[Date Prev][Date Next][Thread Prev][Thread Next][Date Index][Thread Index]
Re: [Qemu-devel] [PATCH 2/5] Blackfin: initial port
From: |
Richard Henderson |
Subject: |
Re: [Qemu-devel] [PATCH 2/5] Blackfin: initial port |
Date: |
Tue, 25 Jun 2013 14:23:57 -0700 |
User-agent: |
Mozilla/5.0 (X11; Linux x86_64; rv:17.0) Gecko/20130612 Thunderbird/17.0.6 |
> diff --git a/target-bfin/bfin-sim.c b/target-bfin/bfin-sim.c
Why this separate file from translate.c?
> +#include <stdbool.h>
> +#include <stdint.h>
> +#include <stdio.h>
> +#include <stdlib.h>
> +#include <string.h>
> +#include <inttypes.h>
Certainly you shouldn't need these, since this isn't a separately
compiled object -- you're included from translate.c.
> +static void
> +unhandled_instruction(DisasContext *dc, const char *insn)
> +{
> + fprintf(stderr, "unhandled insn: %s\n", insn);
Use LOG_UNIMP.
> +#define HOST_LONG_WORD_SIZE (sizeof(long) * 8)

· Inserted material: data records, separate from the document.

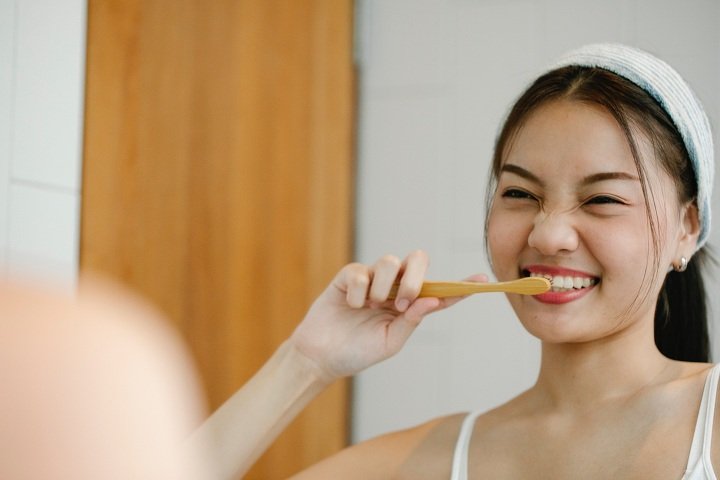 Whitening your teeth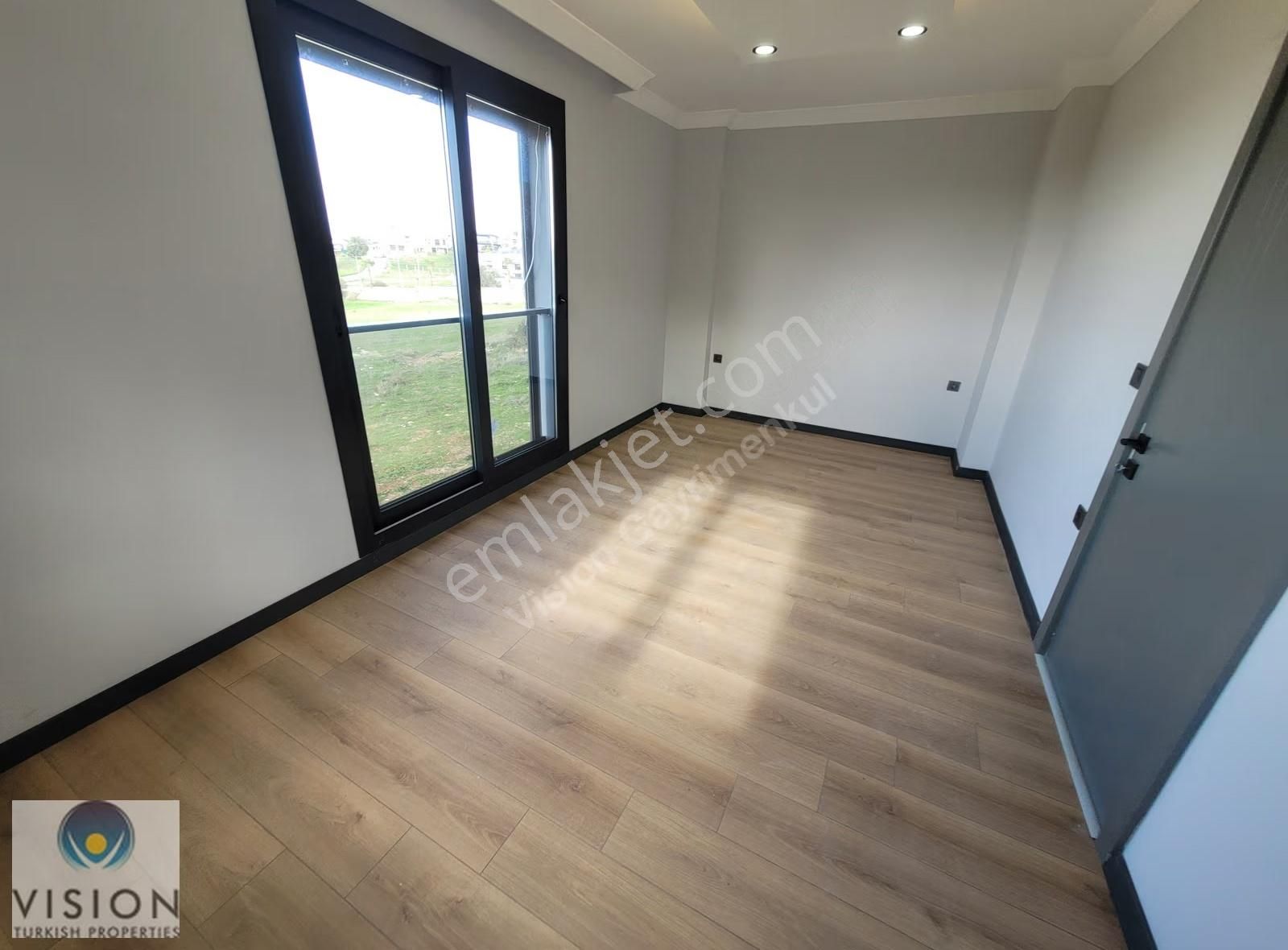 Didimde Tam Müstakil Havuzlu Ayrı Mutfaklı 3+1 Villa - Görsel 25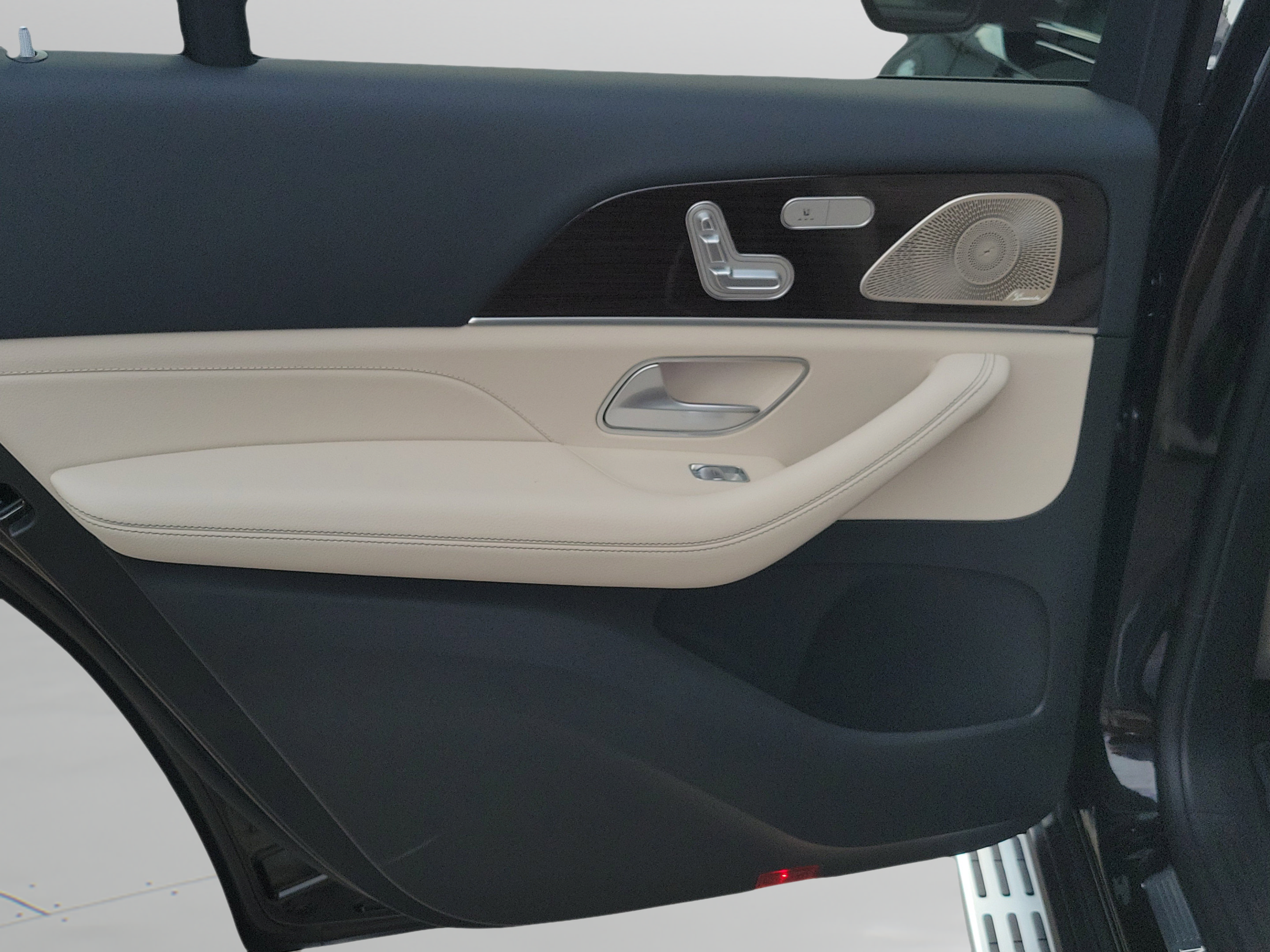 New 2026 Mercedes-Benz GLS 450 4MATIC image 7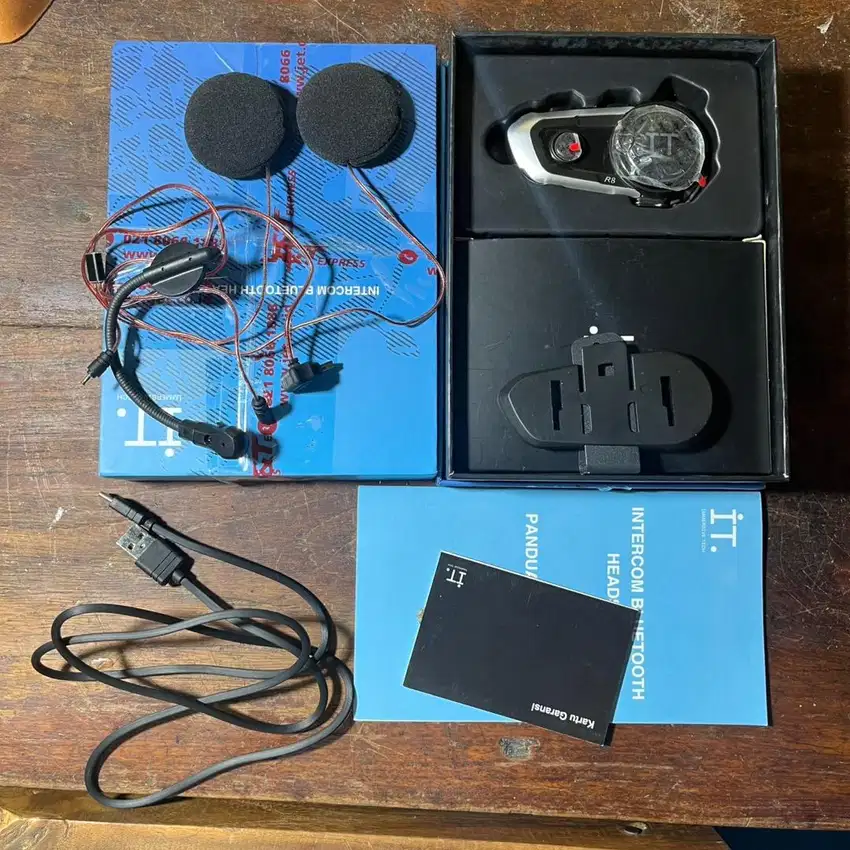Intercom IT R8 like new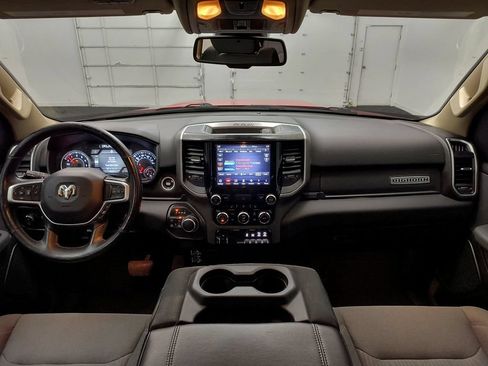 Used 2019 RAM 1500 Big Horn AWD/4WD image 12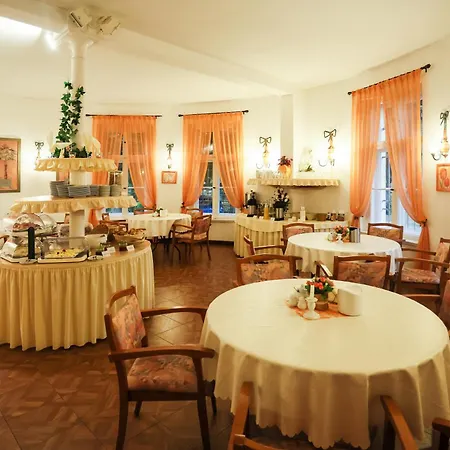 Hotel Schloss Grochwitz (garni)-2
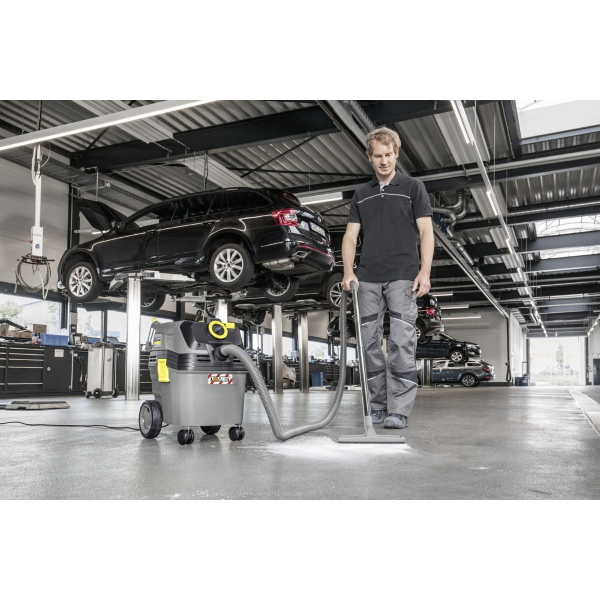 Пылесос сухой и влажной уборки Karcher NT 30/1 Ap L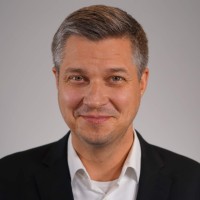 Florian Hummel  🐝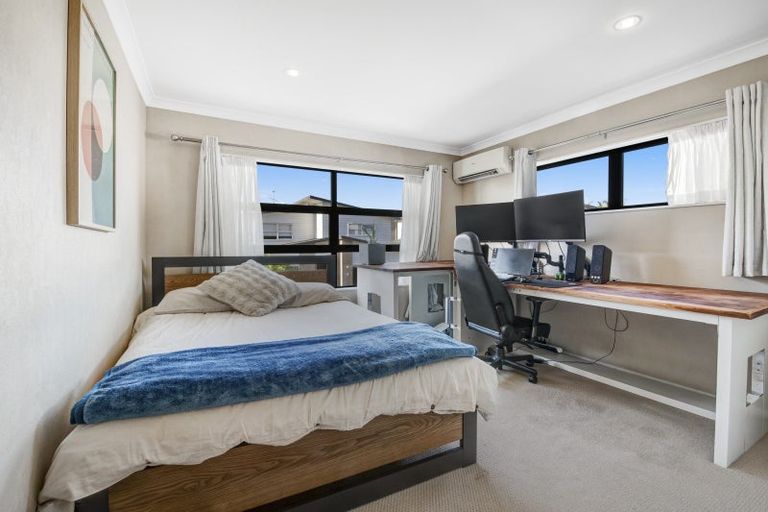 Photo of property in 22 Bur Oak Terrace, Schnapper Rock, Auckland, 0632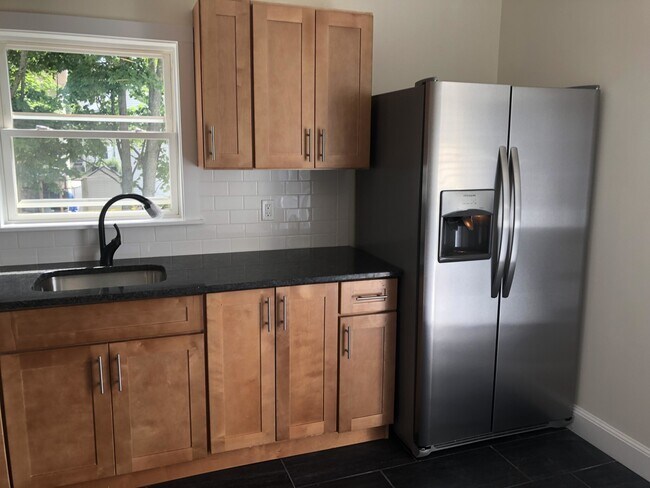 Building Photo - 91 Cushing St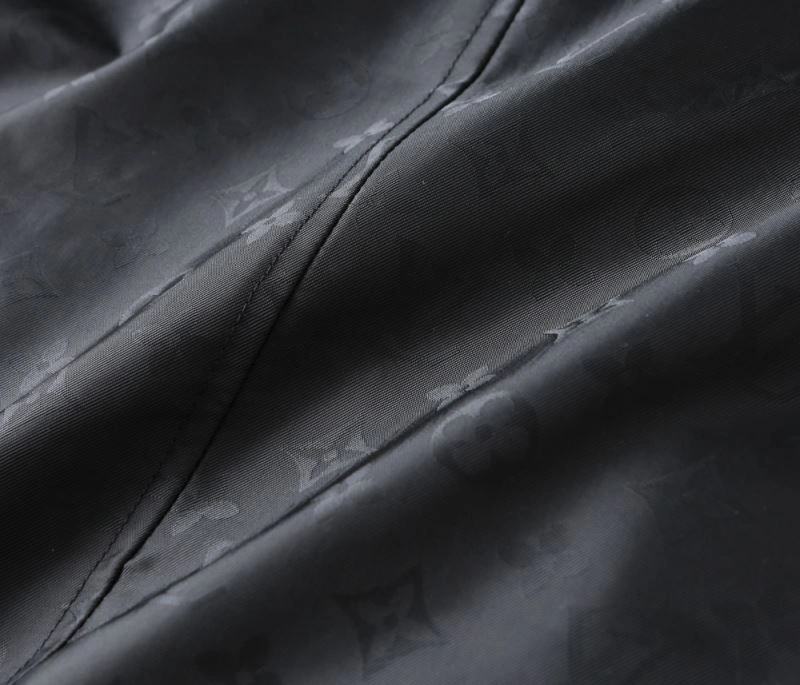 SmoothTexture Louis Vuitton Outwear 136766
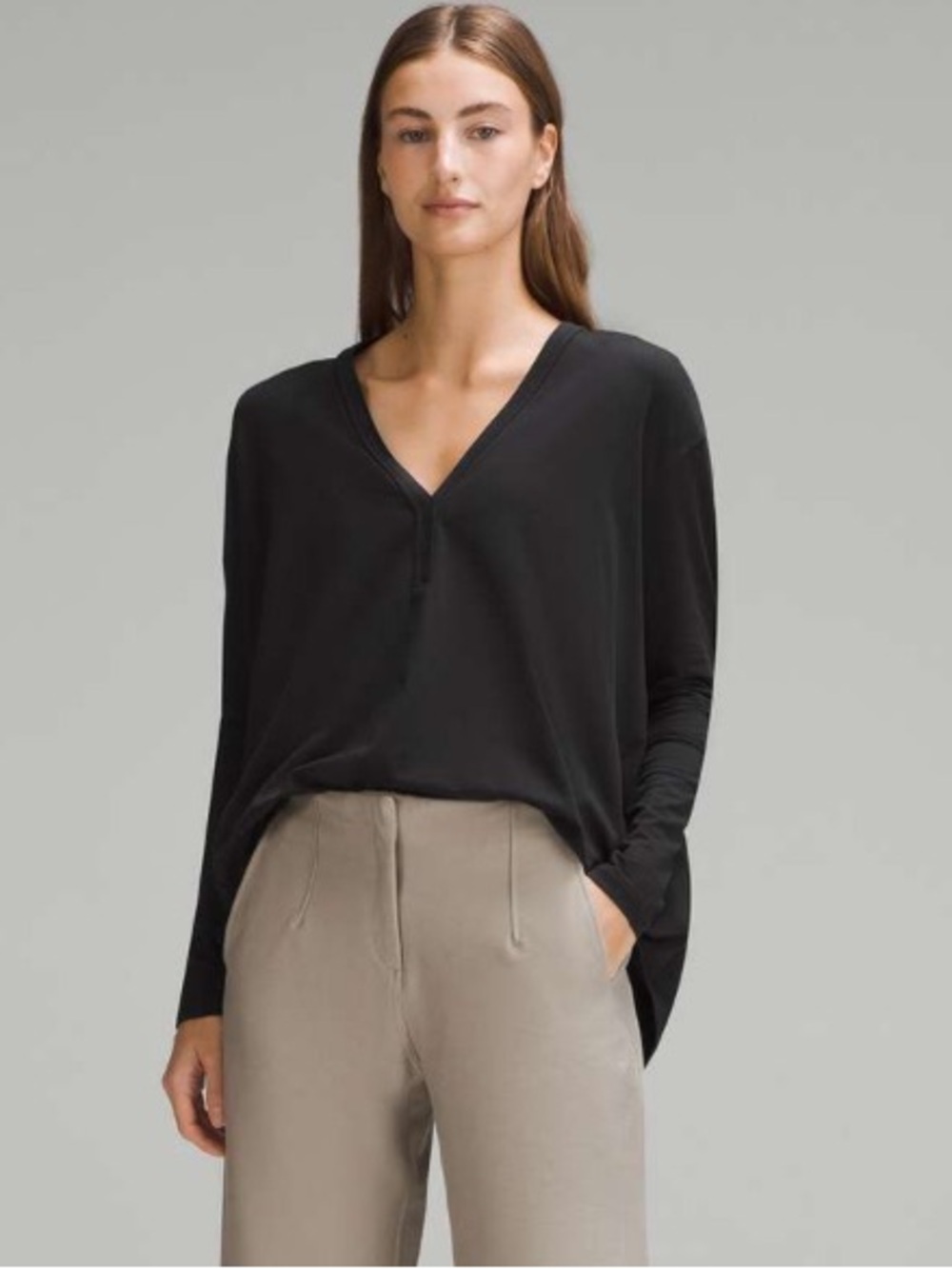 Lululemon Back In Action V-Neck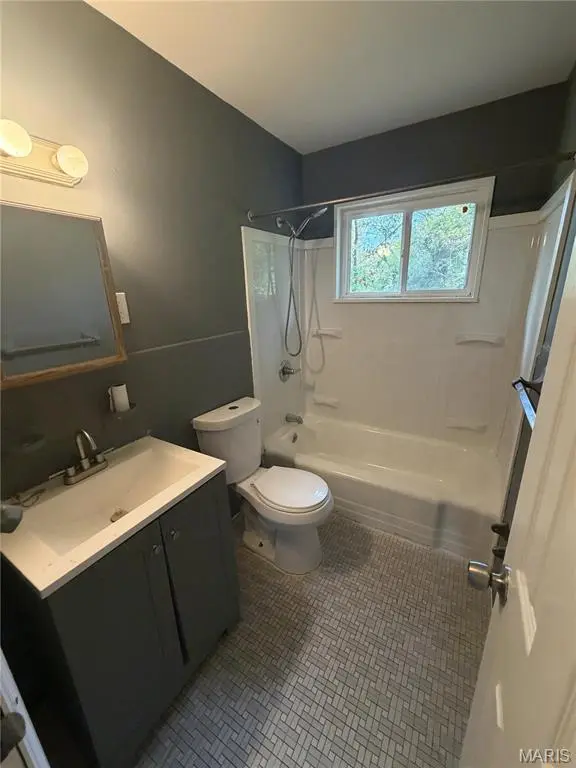 8823 Cranberry LN, St Louis, MO 63121
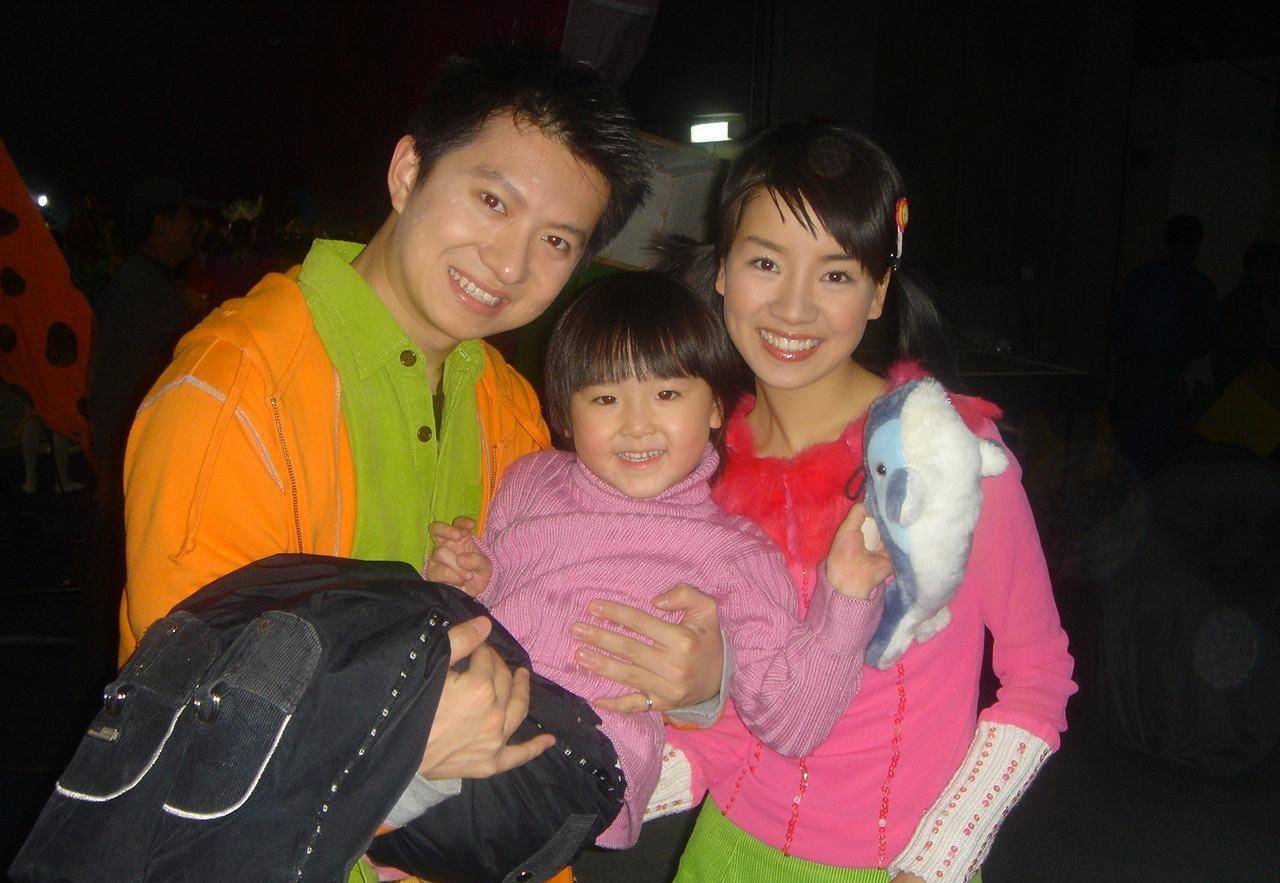 电视女主持红果果:素面朝天,喂饭被嫌,直言:生娃后太难了_孩子_视频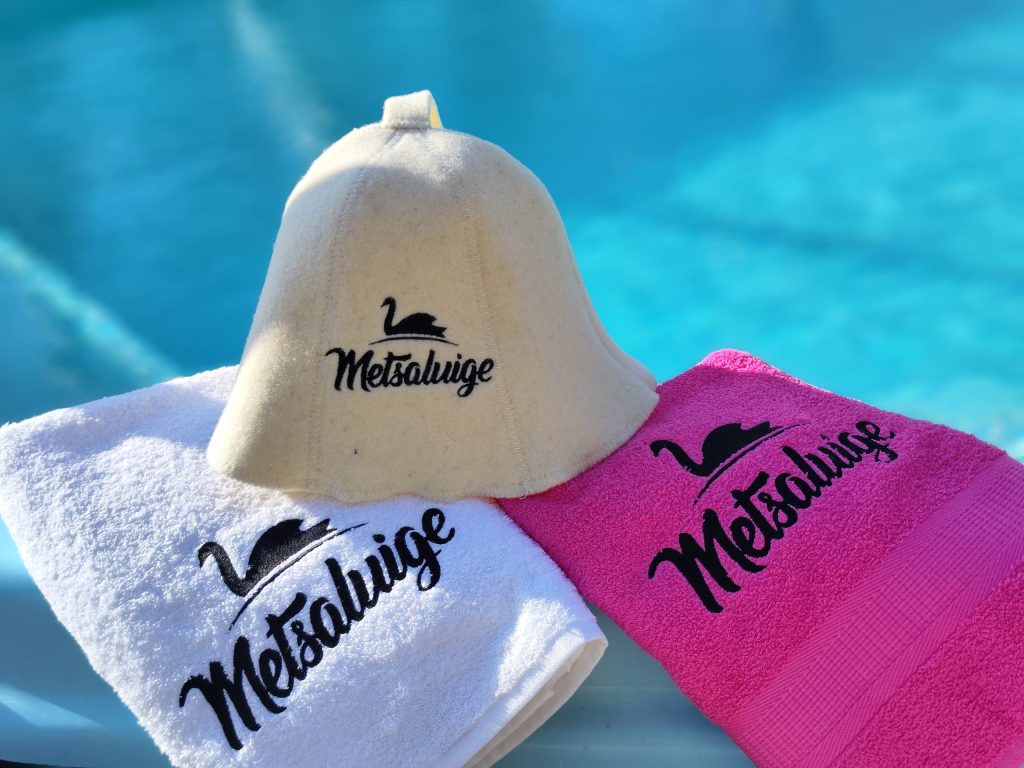 metsaluige-pool-and-sauna-hat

You mean TCG_TARGET_REG_BITS?
> +static TCGv
> +get_allreg(DisasContext *dc, int grp, int reg)
> +{
> + TCGv *ret = cpu_regs[(grp << 3) | reg];
> + if (ret) {
> + return *ret;
> + }
> + abort();
> + illegal_instruction(dc);
> +}
Well, which is it? abort or illegal_instruction. And come to that, how is
abort any better than SEGV from dereferecing the null? Certainly the later
will generate a faster translator...
> +decode_multfunc_tl(DisasContext *dc, int h0, int h1, int src0, int src1,
> + int mmod, int MM, TCGv psat)
> +{
> + TCGv s0, s1, val;
> +
> + s0 = tcg_temp_local_new();
You'll really want to avoid local temps and branches, if at all possible. For
some of the more complex stuff that you're open-coding, you may be better off
with helper functions instead.
> + l = gen_new_label();
> + endl = gen_new_label();
> +
> + tcg_gen_brcondi_tl(TCG_COND_NE, val, 0x40000000, l);
> + if (mmod == M_W32) {
> + tcg_gen_movi_tl(val, 0x7fffffff);
> + } else {
> + tcg_gen_movi_tl(val, 0x80000000);
> + }
> + tcg_gen_movi_tl(psat, 1);
> + tcg_gen_br(endl);
> +
> + gen_set_label(l);
> + tcg_gen_shli_tl(val, val, 1);
> +
> + gen_set_label(endl);
Certainly possible here with 2 movcond, or 1 movcond, 1 setcond + 1 or.
> + l = gen_new_label();
> + tcg_gen_brcondi_tl(TCG_COND_EQ, psat, 0, l);
> + tcg_gen_ext32u_i64(val1, val1);
> + gen_set_label(l);
movcond again.
> +static void
> +saturate_s32(TCGv_i64 val, TCGv overflow)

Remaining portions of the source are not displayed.